Loin des objectifs établis, ces maigres résultats n’ébranlent pas la direction de la SAQ : elle persiste à vouloir centraliser à Montréal le traitement de toutes les commandes effectuées en ligne, peu importe leur lieu de livraison.

Les délais ainsi encourus, d’un minimum de trois jours, ne sont certainement pas étrangers au peu d’engouement à faire ses achats en ligne. Sans parler du gaspillage environnemental évident : quel avantage y a-t-il à ce qu’un consommateur de Chicoutimi se fasse livrer de Montréal une bouteille disponible à quelques rues de chez lui ?
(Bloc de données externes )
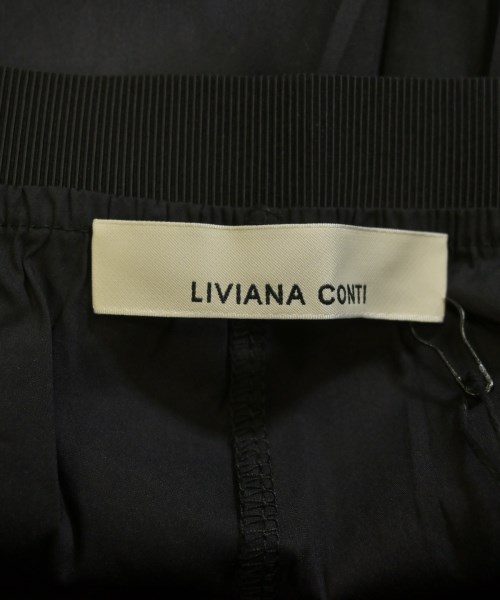 LIVIANA CONTI（リビアナコンティ）その他 黒 サイズ:38(S位) レディース/2200720516210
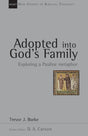 adopted into gods family nsbt trevor burke cover image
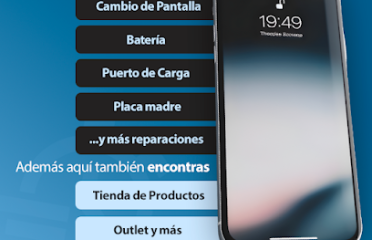 iZone Uy Reparaciones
En Ontario, la LCBO (Liquor Control Board of Ontario) offre le service de commande en ligne et de cueillette en succursale, un modèle nettement plus rapide. Plus près de chez nous, la SQDC (Société québécoise du cannabis) offre aussi ce service… en moins de 90 minutes.
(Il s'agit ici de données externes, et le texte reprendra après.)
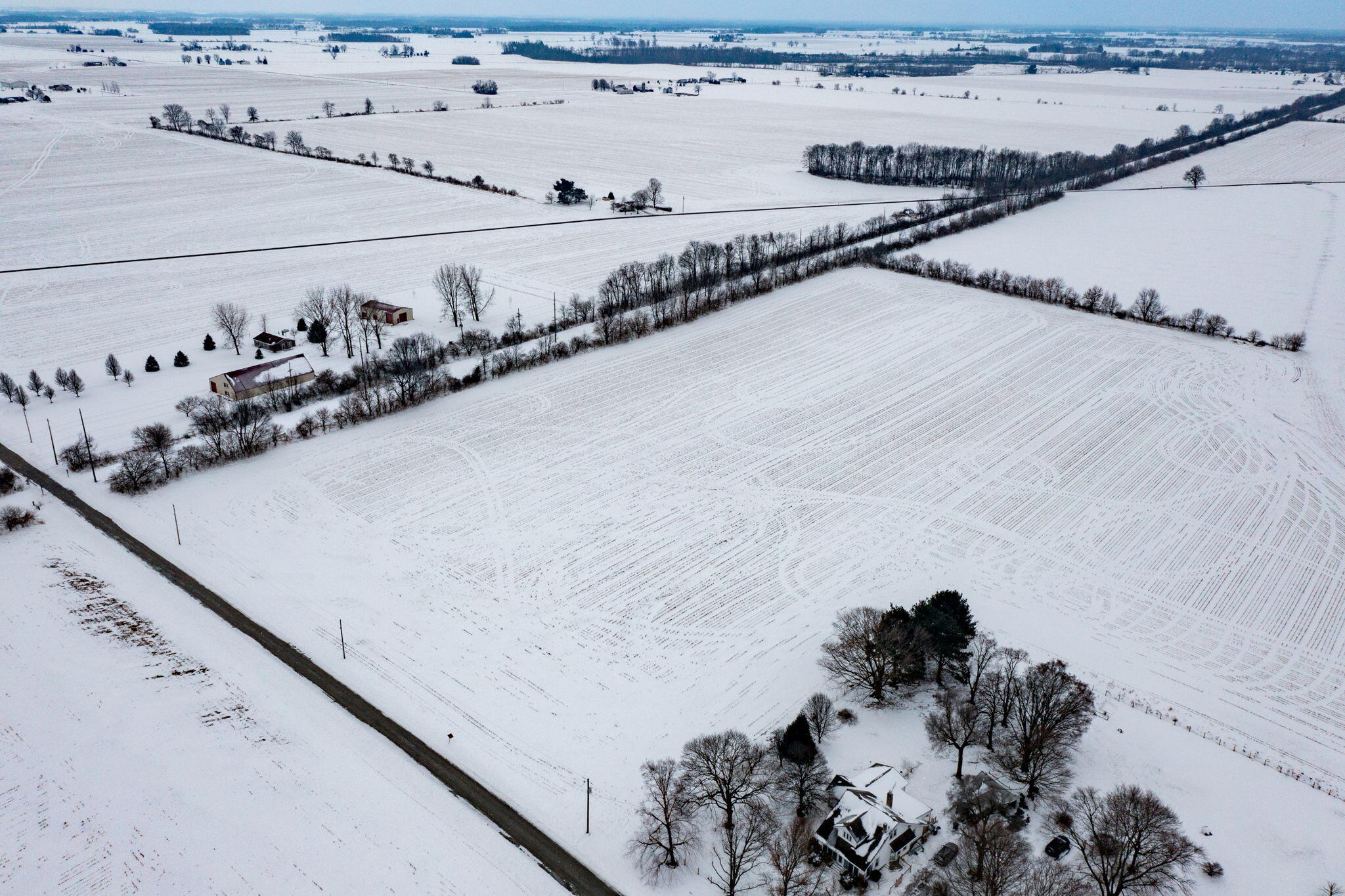 00 Townsley Road, Cedarville, Ohio 45314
C’est donc avec étonnement, la semaine dernière, que nous avons vu le gouvernement accepter de tripler l’enveloppe accordée pour la construction de ce nouveau centre de distribution. En deux ans, le budget est passé de 48 à 137 millions de dollars, sans même qu’une seule pelletée de terre ne soit effectuée. Ce budget n’inclut pas les sommes associées au développement de l’immense machine qui sera responsable d’assembler des commandes individuelles à partir de 20 000 produits embouteillés.

Un service à la clientèle délaissé

Malheureusement, la SAQ ne démontre pas le même empressement pour consolider son service à la clientèle et ses ventes en succursale. Les signaux en ce sens sont nombreux.

La SAQ distribue des produits variés et fort complexes. Pourtant, trop peu de succursales du Québec peuvent compter sur la présence d’un conseiller en vin, responsable de l’équilibre des commandes, de la promotion des produits particuliers, et surtout, du partage de connaissances liées aux différents produits.

Près de 70 % des employés de la SAQ travaillent à temps partiel. Aucune entreprise au Québec ne fonctionne avec un tel ratio.

Aux prises comme toute entreprise avec les défis occasionnés par la pénurie de main-d’œuvre, la SAQ, sans étonnement, ne parvient pas à consolider son personnel, comme en témoignent les taux de roulement ahurissants, particulièrement à Montréal.

Fragiliser le réseau

La SAQ est responsable de la mise en marché d’un produit dont les répercussions en matière de santé publique sont particulièrement importantes. Une mission fort complexe qui justifie la présence de cette société d’État – tout comme les revenus de ce commerce, qui contribuent de façon essentielle à nos services publics.

Devant les impératifs imposés par une telle mission, il est surprenant de voir la SAQ banaliser le commerce de l’alcool en favorisant les ventes en ligne et en acceptant que des intérêts privés accaparent les nouveaux marchés. Les nouvelles « agences SAQ » sont loin de l’image d’antan du dépanneur au Lac-à-l’Achigan. En bordure d’autoroute et dans de nouvelles banlieues, on voit apparaître ces gros liquor stores privés offrant une multitude de vins et de spiritueux grâce aux permis d’agences accordés par la SAQ.

Pourquoi vouloir ainsi fragiliser un réseau de succursales qui fait la fierté des consommateurs, tant sur le plan de la qualité du service que des comptes publics ? Pourquoi ne pas vouloir consolider le service à la clientèle et les ventes en succursale en y consacrant minimalement autant d’efforts que ceux dévolus au développement des ventes en ligne ?

Centralisé à Montréal, basé sur un modèle de livraison aux délais incompressibles, le nouveau centre de distribution de la SAQ coûtera à lui seul des centaines de millions de dollars, alors que les résultats du commerce en ligne démontrent que les ventes ont déjà plafonné. La nouvelle ou le nouveau chef de la direction de la SAQ devra nous expliquer comment il entend relever ce défi.